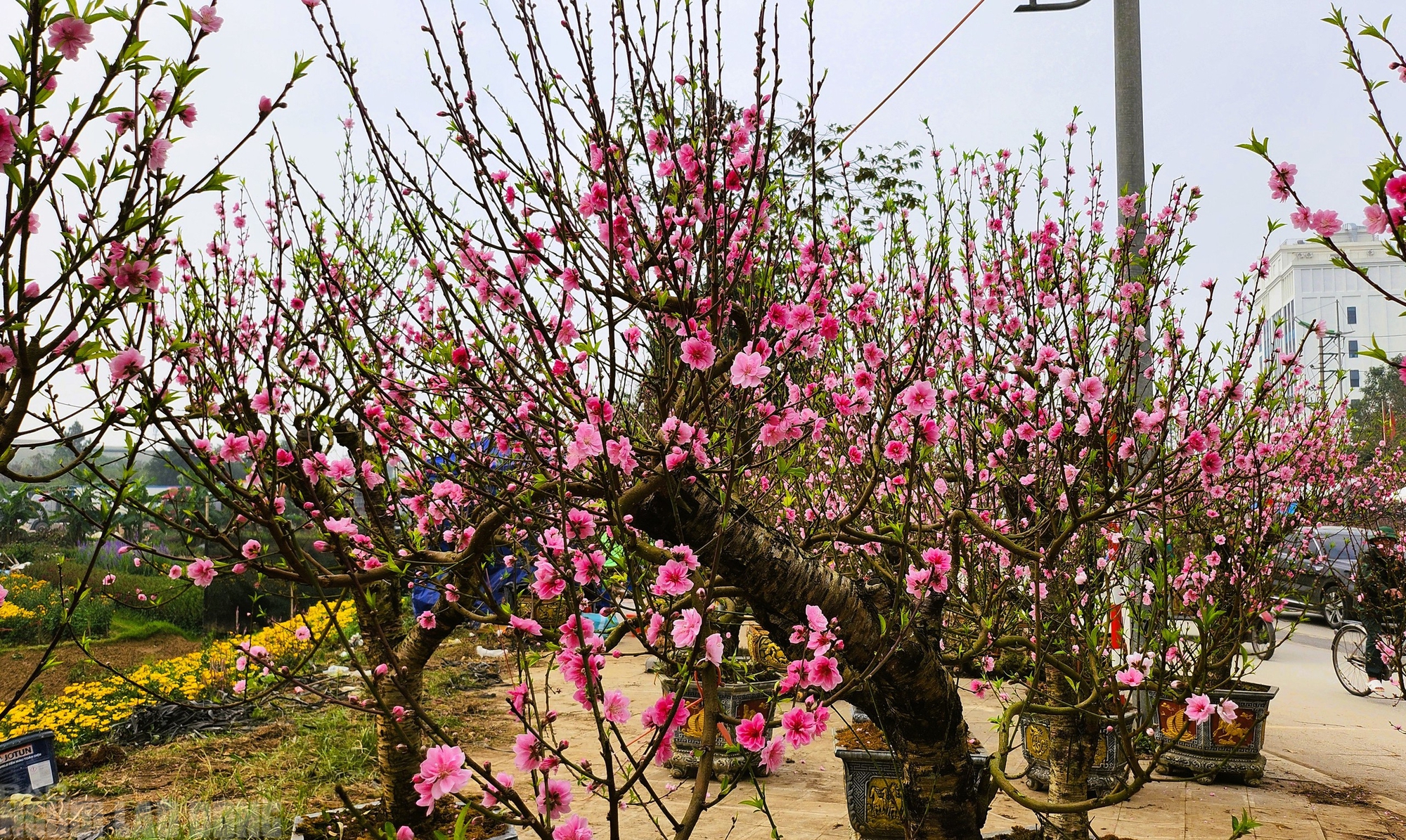 Đào nở thắm phố phường, tiểu thương đành phải chặt bỏ cây không kịp vào Tết - Ảnh 1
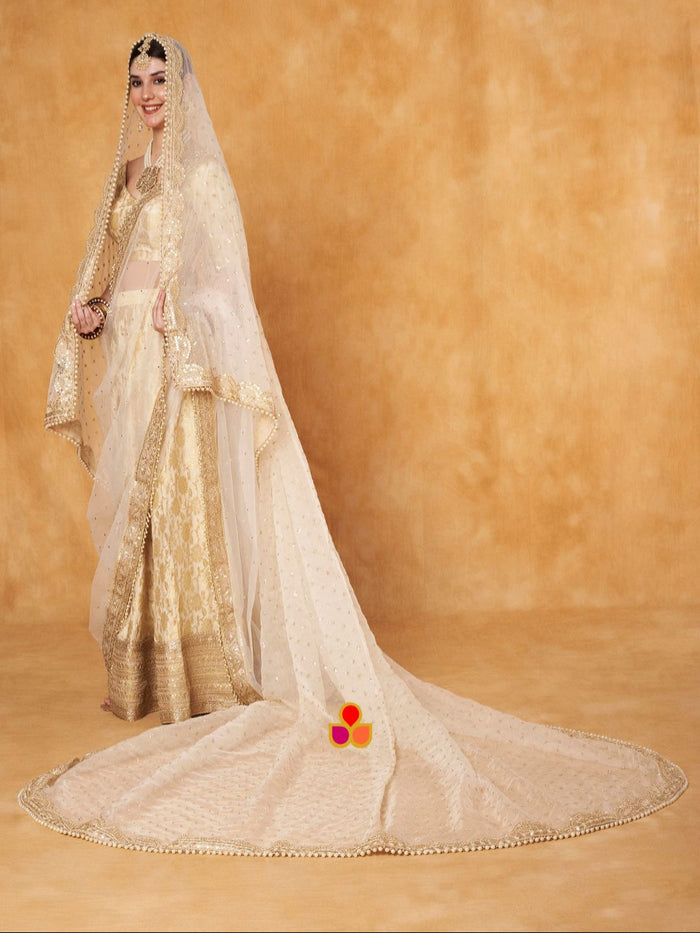 Bridal Veil Pakeeza Ivory Zari Sequin Embroidered Organza Veil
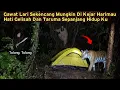 Camping horor lari sekencang mungkin di kejar harimau dan kuntilanak di hutan belantara hujan deras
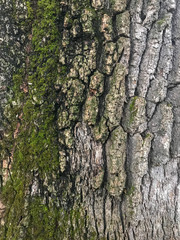 Tree Bark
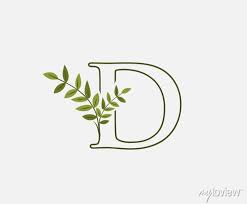 Green Letter D Leaf Icon Logo Design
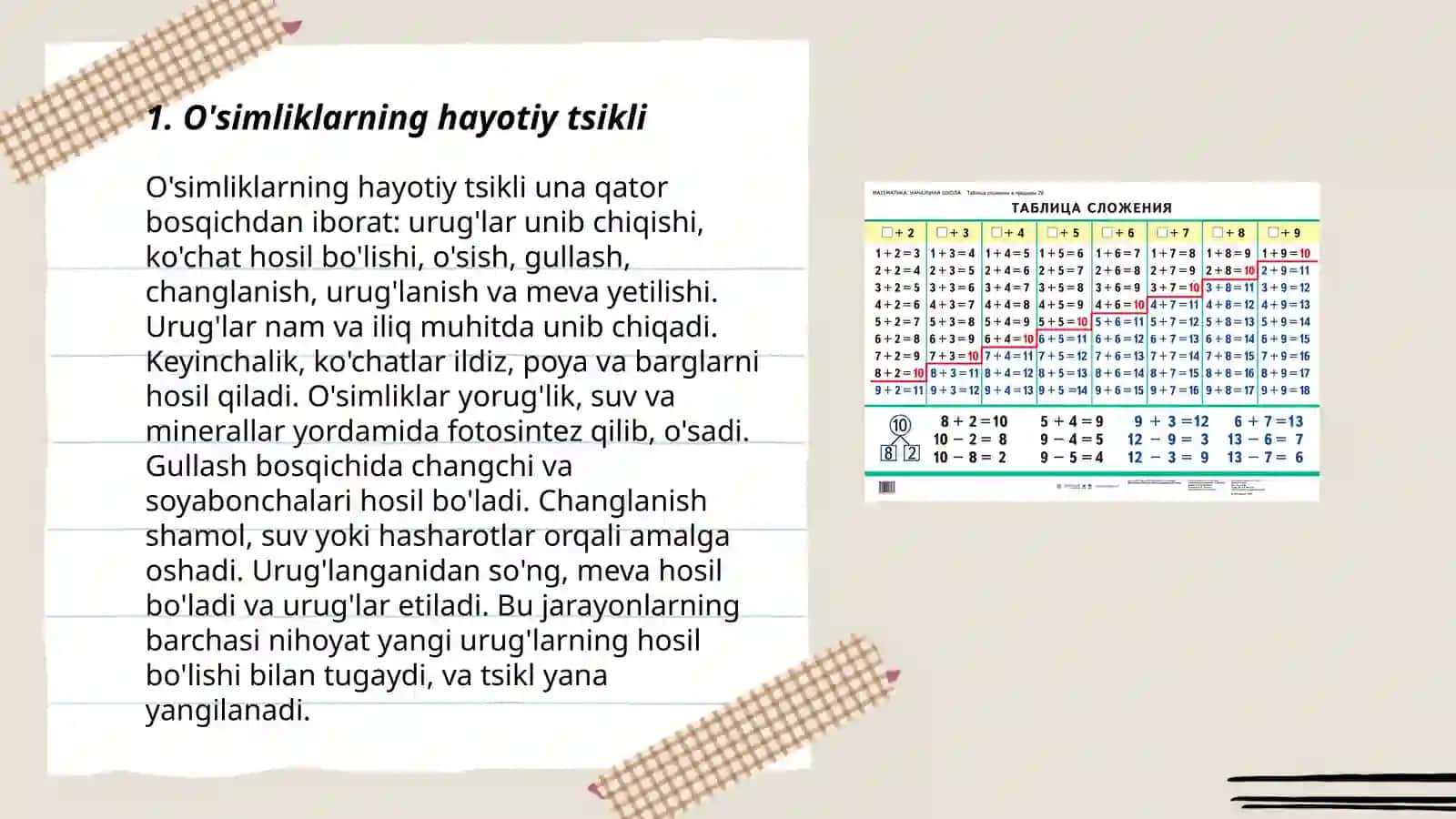 O'simliklarning hayotiy tsikli 3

-- Problem --
What you write should match the entries exactly, except that the pictures are dropped.

-- Exercise result --
 Đào nở thắm phố phường, tiểu thương đành phải chặt bỏ cây không kịp vào Tết - Ảnh 1
 Bridal Veil Pakeeza Ivory Zari Sequin Embroidered Organza Veil
 Camping horor lari sekencang mungkin di kejar harimau dan kuntilanak di hutan belantara hujan deras
 Tree Bark
 Green Letter D Leaf Icon Logo Design
 O'simliklarning hayotiy tsikli 3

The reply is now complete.